Inverse propensity-score weighted (IPW) estimators are prevalent in causal inference for estimating average treatment effects in observational studies. Under unconfoundedness, given accurate propensity scores and $n$ samples, the size of confidence intervals of IPW estimators scales down with $n$, and, several of their variants improve the rate of scaling. However, neither IPW estimators nor their variants are robust to inaccuracies: even if a single covariate has an $\varepsilon>0$ additive error in the propensity score, the size of confidence intervals of these estimators can increase arbitrarily. Moreover, even without errors, the rate with which the confidence intervals of these estimators go to zero with $n$ can be arbitrarily slow in the presence of extreme propensity scores (those close to 0 or 1). We introduce a family of Coarse IPW (CIPW) estimators that captures existing IPW estimators and their variants. Each CIPW estimator is an IPW estimator on a coarsened covariate space, where certain covariates are merged. Under mild assumptions, e.g., Lipschitzness in expected outcomes and sparsity of extreme propensity scores, we give an efficient algorithm to find a robust estimator: given $\varepsilon$-inaccurate propensity scores and $n$ samples, its confidence interval size scales with $\varepsilon+1/\sqrt{n}$. In contrast, under the same assumptions, existing estimators' confidence interval sizes are $\Omega(1)$ irrespective of $\varepsilon$ and $n$. Crucially, our estimator is data-dependent and we show that no data-independent CIPW estimator can be robust to inaccuracies.

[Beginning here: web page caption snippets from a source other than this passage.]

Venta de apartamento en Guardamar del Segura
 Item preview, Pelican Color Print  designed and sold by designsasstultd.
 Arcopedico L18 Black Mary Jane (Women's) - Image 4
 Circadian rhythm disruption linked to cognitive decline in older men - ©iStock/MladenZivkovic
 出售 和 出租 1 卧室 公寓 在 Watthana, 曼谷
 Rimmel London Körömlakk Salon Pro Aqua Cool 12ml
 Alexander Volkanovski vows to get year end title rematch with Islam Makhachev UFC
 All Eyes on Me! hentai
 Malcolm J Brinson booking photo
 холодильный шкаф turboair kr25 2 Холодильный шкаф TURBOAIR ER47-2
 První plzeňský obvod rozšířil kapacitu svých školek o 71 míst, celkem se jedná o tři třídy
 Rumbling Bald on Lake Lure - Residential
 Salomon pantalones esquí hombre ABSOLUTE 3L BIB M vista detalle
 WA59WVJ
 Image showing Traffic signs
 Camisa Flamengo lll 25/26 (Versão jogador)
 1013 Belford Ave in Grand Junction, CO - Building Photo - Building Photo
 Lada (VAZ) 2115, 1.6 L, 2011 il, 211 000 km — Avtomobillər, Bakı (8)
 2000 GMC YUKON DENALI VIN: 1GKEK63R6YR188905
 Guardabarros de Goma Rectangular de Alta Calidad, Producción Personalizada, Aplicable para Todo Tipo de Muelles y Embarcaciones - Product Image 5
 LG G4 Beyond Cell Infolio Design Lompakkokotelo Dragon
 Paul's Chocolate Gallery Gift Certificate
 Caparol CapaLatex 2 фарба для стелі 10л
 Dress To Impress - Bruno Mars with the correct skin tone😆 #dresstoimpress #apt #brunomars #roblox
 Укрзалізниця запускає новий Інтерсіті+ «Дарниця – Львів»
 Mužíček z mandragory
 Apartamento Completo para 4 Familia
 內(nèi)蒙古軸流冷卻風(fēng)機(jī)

翻译：逆倾向得分加权（IPW）估计量在观测性研究中广泛用于估计平均处理效应。在无混淆性假设下，给定准确的倾向得分和 $n$ 个样本，IPW估计量的置信区间大小随 $n$ 缩放递减，且其若干变体改进了缩放速率。然而，IPW估计量及其变体均对不准确性缺乏稳健性：即使单个协变量的倾向得分存在 $\varepsilon>0$ 的加性误差，这些估计量的置信区间大小可能任意增大。此外，即使没有误差，在存在极端倾向得分（接近0或1）的情况下，这些估计量的置信区间随 $n$ 趋近于零的速率可能任意缓慢。我们引入了一类粗化IPW（CIPW）估计量，其涵盖了现有IPW估计量及其变体。每个CIPW估计量是在粗化协变量空间上的IPW估计量，其中某些协变量被合并。在温和假设下（例如期望结果的Lipschitz连续性和极端倾向得分的稀疏性），我们给出一种高效算法以寻找稳健估计量：给定 $\varepsilon$ 不准确的倾向得分和 $n$ 个样本，其置信区间大小以 $\varepsilon+1/\sqrt{n}$ 缩放。相比之下，在相同假设下，现有估计量的置信区间大小为 $\Omega(1)$，与 $\varepsilon$ 和 $n$ 无关。关键的是，我们的估计量具有数据依赖性，并且我们证明不存在数据无关的CIPW估计量能够对不准确性保持稳健。